How do you compete with giants in the digital commerce space like Lynda.com (who was recently acquired by LinkedIn for $1.3 Billion)? Is it too late to jump into the online education space, create your own online courses and other digital products, like ebooks, and have any success with companies like Lynda.com making millions each year? Brian Clark, CEO of Rainmaker Digital, thinks it’s not too late at all. “There’s never been a better time for the little guys to jump in and create something successful than right now,” he said in a recent Copyblogger podcast show about trends and predictions for digital commerce in 2016. “It’s all about coming at something with your own unique spin to add more value, instead of feeling like you’re going head-to-head with some big guy.”
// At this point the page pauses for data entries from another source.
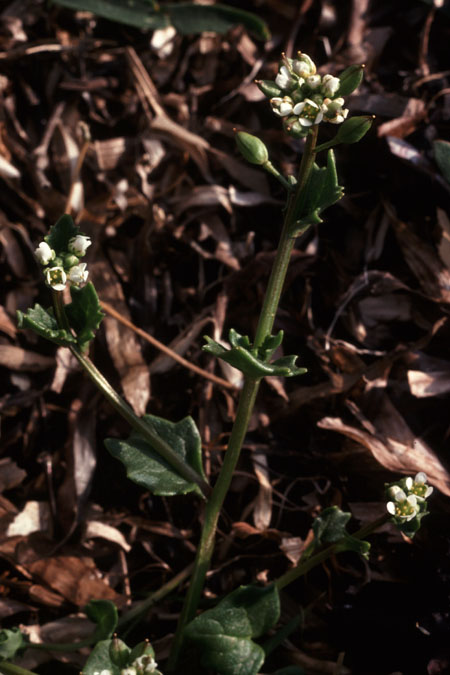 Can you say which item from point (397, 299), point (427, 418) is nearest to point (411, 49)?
point (397, 299)

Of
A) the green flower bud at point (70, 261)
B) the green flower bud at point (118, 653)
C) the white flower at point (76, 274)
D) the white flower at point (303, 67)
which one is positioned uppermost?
the white flower at point (303, 67)

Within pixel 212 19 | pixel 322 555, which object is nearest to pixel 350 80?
pixel 322 555

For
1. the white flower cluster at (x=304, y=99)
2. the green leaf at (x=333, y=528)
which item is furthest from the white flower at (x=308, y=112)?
the green leaf at (x=333, y=528)

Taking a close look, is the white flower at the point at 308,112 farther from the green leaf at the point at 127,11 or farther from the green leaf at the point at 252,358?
the green leaf at the point at 127,11

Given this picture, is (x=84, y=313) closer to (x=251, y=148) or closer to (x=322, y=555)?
(x=251, y=148)

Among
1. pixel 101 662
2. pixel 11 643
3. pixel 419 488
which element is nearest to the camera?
pixel 101 662

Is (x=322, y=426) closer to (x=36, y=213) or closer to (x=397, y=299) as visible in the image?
(x=397, y=299)

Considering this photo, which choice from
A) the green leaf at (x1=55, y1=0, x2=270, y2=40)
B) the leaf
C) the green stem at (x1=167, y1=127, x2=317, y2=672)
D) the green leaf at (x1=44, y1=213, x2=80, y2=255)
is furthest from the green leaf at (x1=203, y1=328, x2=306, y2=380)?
the green leaf at (x1=55, y1=0, x2=270, y2=40) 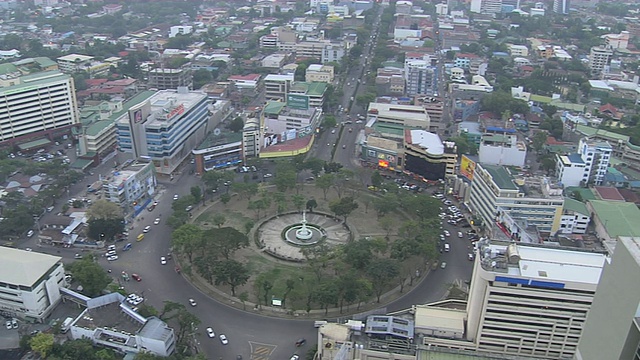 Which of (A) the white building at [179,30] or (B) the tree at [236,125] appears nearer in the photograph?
(B) the tree at [236,125]

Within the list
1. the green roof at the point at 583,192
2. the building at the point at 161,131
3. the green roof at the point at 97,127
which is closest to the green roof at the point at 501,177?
the green roof at the point at 583,192

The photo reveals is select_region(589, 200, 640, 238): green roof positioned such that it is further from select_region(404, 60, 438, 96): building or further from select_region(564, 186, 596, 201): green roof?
select_region(404, 60, 438, 96): building

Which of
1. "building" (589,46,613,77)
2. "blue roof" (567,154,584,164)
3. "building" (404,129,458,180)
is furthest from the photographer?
"building" (589,46,613,77)

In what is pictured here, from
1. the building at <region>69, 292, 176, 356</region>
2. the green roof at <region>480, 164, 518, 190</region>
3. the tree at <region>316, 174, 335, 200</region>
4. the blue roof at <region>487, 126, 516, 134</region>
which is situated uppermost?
the green roof at <region>480, 164, 518, 190</region>

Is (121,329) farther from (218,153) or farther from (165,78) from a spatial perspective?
(165,78)

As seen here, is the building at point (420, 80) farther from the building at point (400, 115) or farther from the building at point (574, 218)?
the building at point (574, 218)

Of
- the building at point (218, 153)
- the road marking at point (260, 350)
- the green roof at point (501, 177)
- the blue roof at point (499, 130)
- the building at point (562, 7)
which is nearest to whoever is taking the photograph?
the road marking at point (260, 350)

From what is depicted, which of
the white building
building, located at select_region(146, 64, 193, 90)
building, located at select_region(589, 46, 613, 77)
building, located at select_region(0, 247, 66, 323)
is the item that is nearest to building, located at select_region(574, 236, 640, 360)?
building, located at select_region(0, 247, 66, 323) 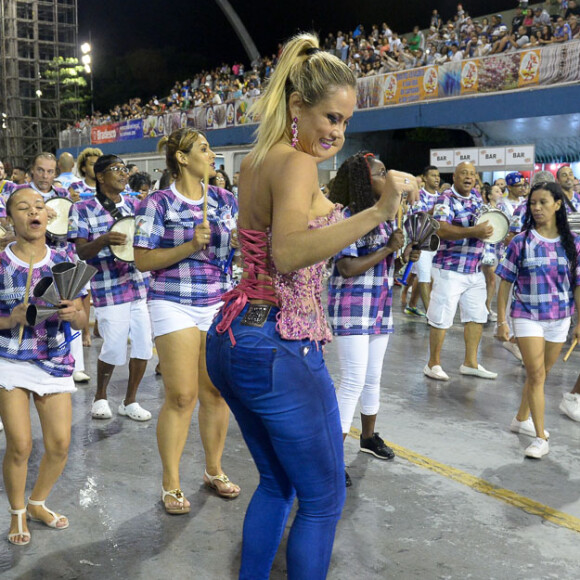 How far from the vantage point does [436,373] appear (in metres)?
6.89

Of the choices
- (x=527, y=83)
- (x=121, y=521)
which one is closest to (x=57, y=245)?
(x=121, y=521)

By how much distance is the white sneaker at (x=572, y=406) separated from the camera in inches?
223

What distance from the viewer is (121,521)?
379 cm

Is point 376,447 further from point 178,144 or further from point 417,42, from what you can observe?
point 417,42

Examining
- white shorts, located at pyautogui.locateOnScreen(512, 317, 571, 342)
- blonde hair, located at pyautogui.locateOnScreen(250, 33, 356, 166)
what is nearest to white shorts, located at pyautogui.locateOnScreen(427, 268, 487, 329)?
white shorts, located at pyautogui.locateOnScreen(512, 317, 571, 342)

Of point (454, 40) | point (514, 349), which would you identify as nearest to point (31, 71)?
point (454, 40)

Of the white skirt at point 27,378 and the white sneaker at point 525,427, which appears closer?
the white skirt at point 27,378

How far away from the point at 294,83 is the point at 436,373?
5015 mm

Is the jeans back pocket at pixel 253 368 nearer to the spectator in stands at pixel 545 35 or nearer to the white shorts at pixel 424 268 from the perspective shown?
the white shorts at pixel 424 268

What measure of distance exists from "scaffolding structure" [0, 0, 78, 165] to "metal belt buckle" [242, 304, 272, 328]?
136 feet

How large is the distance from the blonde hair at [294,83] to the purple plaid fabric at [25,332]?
1.65 meters

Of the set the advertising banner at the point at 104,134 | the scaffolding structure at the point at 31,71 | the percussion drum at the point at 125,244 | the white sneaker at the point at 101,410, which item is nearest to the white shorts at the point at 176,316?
the percussion drum at the point at 125,244

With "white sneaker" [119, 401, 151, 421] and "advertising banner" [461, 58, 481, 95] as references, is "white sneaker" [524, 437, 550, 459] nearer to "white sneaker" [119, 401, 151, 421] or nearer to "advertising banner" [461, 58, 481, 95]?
"white sneaker" [119, 401, 151, 421]

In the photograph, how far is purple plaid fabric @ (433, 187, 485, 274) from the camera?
22.5 ft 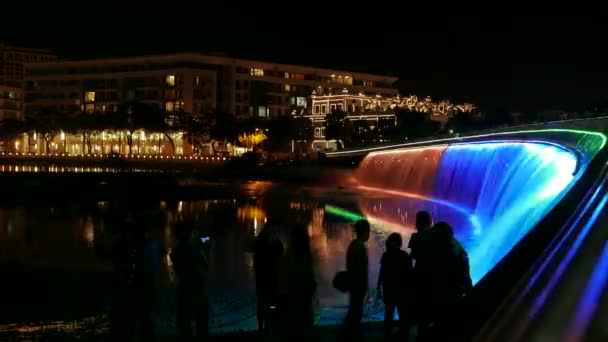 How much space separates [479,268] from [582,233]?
13.6m

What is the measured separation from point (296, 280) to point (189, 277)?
1500mm

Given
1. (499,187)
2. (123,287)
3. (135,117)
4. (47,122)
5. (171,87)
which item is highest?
(171,87)

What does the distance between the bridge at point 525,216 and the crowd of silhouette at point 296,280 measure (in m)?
1.19

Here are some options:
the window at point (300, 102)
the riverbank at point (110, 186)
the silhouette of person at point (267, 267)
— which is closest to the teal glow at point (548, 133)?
the silhouette of person at point (267, 267)

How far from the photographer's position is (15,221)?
33.6m

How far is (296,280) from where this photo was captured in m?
8.04

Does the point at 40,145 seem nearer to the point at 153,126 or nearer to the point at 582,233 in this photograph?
the point at 153,126

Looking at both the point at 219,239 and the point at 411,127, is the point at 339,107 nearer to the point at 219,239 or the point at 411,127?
the point at 411,127

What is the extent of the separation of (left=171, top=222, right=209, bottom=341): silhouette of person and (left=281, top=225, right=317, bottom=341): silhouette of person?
1225mm

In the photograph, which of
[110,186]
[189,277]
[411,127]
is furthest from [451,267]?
[411,127]

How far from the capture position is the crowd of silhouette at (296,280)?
319 inches

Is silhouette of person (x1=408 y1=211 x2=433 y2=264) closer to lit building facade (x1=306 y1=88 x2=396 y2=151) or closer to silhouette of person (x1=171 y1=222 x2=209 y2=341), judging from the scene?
silhouette of person (x1=171 y1=222 x2=209 y2=341)

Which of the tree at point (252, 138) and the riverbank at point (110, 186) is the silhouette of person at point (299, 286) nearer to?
the riverbank at point (110, 186)

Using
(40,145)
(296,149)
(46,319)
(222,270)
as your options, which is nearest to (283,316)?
(46,319) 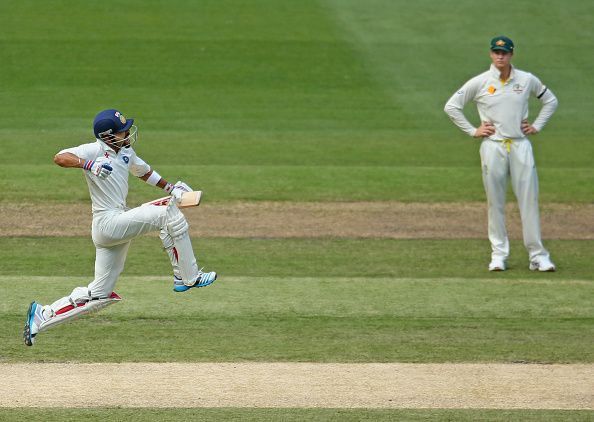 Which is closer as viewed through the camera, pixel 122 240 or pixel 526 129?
pixel 122 240

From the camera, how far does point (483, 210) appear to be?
1527 cm

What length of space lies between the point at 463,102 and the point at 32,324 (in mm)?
5368

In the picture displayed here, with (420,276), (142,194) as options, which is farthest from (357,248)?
(142,194)

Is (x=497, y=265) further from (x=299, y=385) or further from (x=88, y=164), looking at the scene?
(x=88, y=164)

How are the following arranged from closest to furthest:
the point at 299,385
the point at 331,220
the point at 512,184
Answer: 1. the point at 299,385
2. the point at 512,184
3. the point at 331,220

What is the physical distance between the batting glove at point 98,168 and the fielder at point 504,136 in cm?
476

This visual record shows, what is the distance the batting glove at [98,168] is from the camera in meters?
8.57

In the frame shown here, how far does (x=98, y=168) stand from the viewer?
8.57 metres

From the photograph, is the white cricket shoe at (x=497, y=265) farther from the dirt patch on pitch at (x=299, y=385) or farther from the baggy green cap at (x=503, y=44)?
the dirt patch on pitch at (x=299, y=385)

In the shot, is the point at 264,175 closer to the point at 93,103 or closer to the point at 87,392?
the point at 93,103

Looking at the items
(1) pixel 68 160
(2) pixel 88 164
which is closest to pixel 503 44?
(2) pixel 88 164

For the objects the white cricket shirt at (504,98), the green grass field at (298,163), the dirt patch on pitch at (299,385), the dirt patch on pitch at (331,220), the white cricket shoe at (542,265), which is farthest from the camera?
the dirt patch on pitch at (331,220)

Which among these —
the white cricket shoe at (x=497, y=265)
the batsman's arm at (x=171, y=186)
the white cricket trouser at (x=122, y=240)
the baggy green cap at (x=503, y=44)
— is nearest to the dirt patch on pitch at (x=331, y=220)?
the white cricket shoe at (x=497, y=265)

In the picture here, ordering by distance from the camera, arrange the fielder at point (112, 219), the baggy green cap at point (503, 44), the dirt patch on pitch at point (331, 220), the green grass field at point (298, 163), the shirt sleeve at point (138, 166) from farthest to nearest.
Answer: the dirt patch on pitch at point (331, 220) → the baggy green cap at point (503, 44) → the green grass field at point (298, 163) → the shirt sleeve at point (138, 166) → the fielder at point (112, 219) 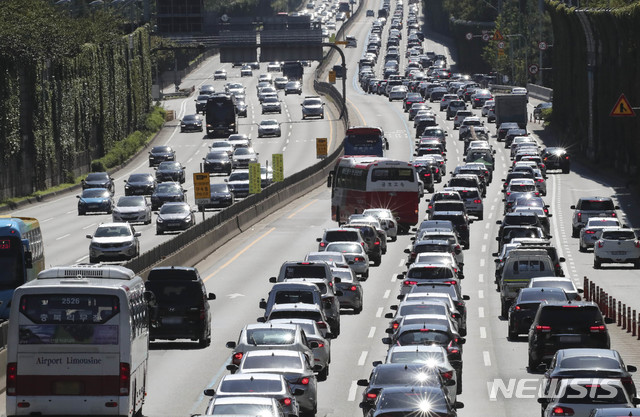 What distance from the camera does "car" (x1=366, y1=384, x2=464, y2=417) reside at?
22000mm

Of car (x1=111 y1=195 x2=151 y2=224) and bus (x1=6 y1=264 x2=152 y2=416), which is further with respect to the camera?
car (x1=111 y1=195 x2=151 y2=224)

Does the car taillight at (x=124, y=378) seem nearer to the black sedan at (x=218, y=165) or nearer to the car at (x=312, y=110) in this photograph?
the black sedan at (x=218, y=165)

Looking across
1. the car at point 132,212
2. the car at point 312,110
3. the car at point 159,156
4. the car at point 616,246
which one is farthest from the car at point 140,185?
the car at point 312,110

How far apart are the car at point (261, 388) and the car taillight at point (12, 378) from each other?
3.11 metres

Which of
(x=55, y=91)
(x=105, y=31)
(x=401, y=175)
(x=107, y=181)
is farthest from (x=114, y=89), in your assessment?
(x=401, y=175)

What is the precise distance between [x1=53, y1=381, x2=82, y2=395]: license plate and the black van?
11.1 m

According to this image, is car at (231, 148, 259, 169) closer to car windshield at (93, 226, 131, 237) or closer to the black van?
car windshield at (93, 226, 131, 237)

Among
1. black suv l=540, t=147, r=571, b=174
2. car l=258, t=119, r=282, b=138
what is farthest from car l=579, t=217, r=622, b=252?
car l=258, t=119, r=282, b=138

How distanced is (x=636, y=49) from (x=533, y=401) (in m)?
59.7

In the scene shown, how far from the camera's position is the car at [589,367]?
80.4ft

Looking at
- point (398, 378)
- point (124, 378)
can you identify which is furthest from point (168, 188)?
point (398, 378)

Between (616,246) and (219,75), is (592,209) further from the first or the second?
(219,75)

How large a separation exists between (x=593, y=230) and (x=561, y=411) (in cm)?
3812

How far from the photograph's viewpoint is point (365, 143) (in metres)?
93.4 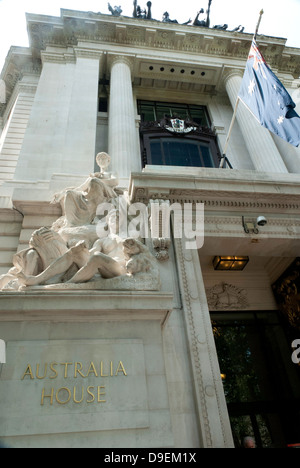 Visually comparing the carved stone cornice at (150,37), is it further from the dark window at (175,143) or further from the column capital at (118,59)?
the dark window at (175,143)

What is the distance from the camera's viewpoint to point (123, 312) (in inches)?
243

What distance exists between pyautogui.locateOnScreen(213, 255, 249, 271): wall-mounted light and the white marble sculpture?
162 inches

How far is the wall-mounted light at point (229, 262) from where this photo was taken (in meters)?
10.7

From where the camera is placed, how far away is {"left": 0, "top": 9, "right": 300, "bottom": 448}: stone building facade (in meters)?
5.27

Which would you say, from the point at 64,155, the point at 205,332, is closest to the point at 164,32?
the point at 64,155

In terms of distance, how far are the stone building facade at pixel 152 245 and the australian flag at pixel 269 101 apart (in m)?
1.42

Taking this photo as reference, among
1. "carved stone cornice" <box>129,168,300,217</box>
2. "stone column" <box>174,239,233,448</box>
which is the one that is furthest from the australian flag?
"stone column" <box>174,239,233,448</box>

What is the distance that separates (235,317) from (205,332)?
180 inches

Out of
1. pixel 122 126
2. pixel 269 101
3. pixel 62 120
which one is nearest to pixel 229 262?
pixel 269 101

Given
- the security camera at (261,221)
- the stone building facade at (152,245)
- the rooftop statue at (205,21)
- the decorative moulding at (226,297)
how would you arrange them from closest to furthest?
the stone building facade at (152,245) < the security camera at (261,221) < the decorative moulding at (226,297) < the rooftop statue at (205,21)

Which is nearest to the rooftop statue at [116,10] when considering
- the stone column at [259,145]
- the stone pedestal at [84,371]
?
the stone column at [259,145]

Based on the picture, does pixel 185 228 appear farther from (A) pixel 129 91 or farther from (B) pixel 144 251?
(A) pixel 129 91

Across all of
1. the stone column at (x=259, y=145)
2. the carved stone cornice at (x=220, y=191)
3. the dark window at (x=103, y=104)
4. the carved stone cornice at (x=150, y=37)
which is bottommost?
the carved stone cornice at (x=220, y=191)

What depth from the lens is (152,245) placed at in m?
8.12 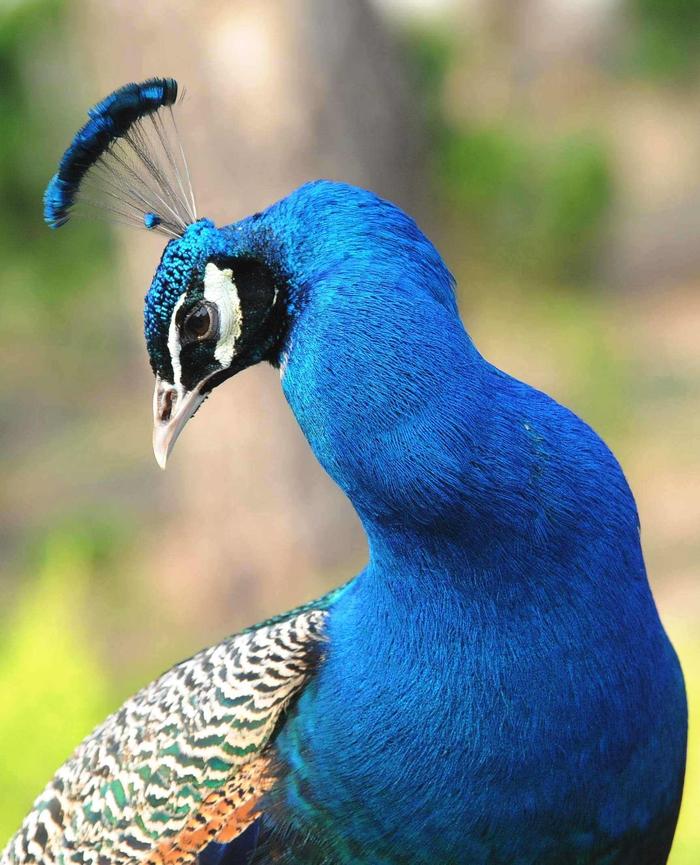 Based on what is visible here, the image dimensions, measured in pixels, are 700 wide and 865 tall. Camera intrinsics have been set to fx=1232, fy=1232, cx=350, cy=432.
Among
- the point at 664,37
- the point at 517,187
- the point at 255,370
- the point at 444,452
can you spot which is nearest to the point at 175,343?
the point at 444,452

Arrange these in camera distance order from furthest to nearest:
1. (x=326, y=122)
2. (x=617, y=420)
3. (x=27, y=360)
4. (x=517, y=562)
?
(x=27, y=360) → (x=617, y=420) → (x=326, y=122) → (x=517, y=562)

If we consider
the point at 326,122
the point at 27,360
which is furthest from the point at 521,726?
the point at 27,360

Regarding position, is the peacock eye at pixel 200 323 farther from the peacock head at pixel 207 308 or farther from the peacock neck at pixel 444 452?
the peacock neck at pixel 444 452

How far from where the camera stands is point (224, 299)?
168 centimetres

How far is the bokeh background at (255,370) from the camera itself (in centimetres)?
432

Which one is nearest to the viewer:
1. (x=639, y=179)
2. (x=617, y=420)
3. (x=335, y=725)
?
(x=335, y=725)

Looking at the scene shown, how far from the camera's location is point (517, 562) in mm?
1628

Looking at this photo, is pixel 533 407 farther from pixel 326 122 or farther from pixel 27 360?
pixel 27 360

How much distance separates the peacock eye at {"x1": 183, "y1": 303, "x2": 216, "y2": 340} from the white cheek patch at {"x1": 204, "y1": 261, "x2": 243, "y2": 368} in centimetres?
1

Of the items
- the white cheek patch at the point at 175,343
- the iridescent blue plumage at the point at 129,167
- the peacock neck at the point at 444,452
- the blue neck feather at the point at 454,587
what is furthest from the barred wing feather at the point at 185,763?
the iridescent blue plumage at the point at 129,167

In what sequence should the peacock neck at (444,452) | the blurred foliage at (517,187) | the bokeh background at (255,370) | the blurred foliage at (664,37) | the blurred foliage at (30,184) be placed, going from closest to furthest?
the peacock neck at (444,452)
the bokeh background at (255,370)
the blurred foliage at (30,184)
the blurred foliage at (517,187)
the blurred foliage at (664,37)

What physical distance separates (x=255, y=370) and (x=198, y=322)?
116 inches

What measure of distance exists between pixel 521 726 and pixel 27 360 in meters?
7.34

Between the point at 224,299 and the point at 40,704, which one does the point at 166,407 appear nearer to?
the point at 224,299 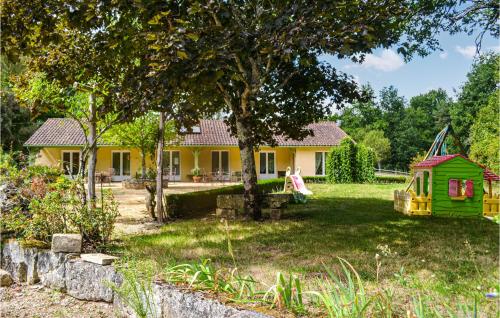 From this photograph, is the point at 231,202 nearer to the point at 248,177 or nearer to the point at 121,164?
the point at 248,177

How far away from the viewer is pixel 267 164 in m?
34.8

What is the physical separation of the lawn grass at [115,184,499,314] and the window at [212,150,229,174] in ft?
73.1

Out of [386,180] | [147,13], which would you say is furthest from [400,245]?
[386,180]

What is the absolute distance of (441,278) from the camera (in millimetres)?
5430

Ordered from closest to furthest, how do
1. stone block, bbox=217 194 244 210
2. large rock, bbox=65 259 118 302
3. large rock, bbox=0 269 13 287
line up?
large rock, bbox=65 259 118 302
large rock, bbox=0 269 13 287
stone block, bbox=217 194 244 210

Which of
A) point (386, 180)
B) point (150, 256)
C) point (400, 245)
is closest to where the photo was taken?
point (150, 256)

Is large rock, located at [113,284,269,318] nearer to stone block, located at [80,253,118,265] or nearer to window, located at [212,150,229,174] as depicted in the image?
stone block, located at [80,253,118,265]

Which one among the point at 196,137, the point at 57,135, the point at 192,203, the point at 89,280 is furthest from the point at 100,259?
the point at 57,135

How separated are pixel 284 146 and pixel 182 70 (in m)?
25.8

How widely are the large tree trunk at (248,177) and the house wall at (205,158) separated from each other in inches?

My prediction for 2016? Virtual reality selfie videos filmed by quadcopter drones published on Facebook (viewable with Facebook’s Oculus Rift VR goggles) are going to be the next big thing in marketing. Virtual reality, drones, selfies, and social media. What could possibly go wrong?

 

2. Unfollow your bliss.

“And I want to point one very important lesson from all of this: Passion is not enough to make a living doing what you love. So if you want another rah-rah treatise on why you should just follow your bliss, stop reading now.” The ever poignant Jeff Goins, on what you should do first if you want to get paid for doing your passion. I chased my passion tail around in circles for years, like a lost hiker in the wilderness with a broken compass. One day I realized it would be much easier if I just chose a path that had potential and worked on falling in love with it, instead of wasting so much time trying to find THE PATH that’s perfectly aligned with my passions. If you ever struggle with this one, read Jeff’s post. And don’t follow your passion. Just bring it with you wherever you go.

 

3. The long and short of it.

“To answer your question, I personally am besotted with your teaching and commentary around the links you share. It’s that value you add that keeps me reading each newsletter. Your annotations contextualize your recommendations and provide your opinion and twist on what you share. It makes your newsletter stand out from all the background noise clamoring for my attention – and you couldn’t have named it more aptly for that reason. I hope you don’t change a thing.” That’s Victoria Smith, a regular reader of this newsletter you’re reading right now, in response to me asking her if she’d enjoy my newsletter more if it were shorter.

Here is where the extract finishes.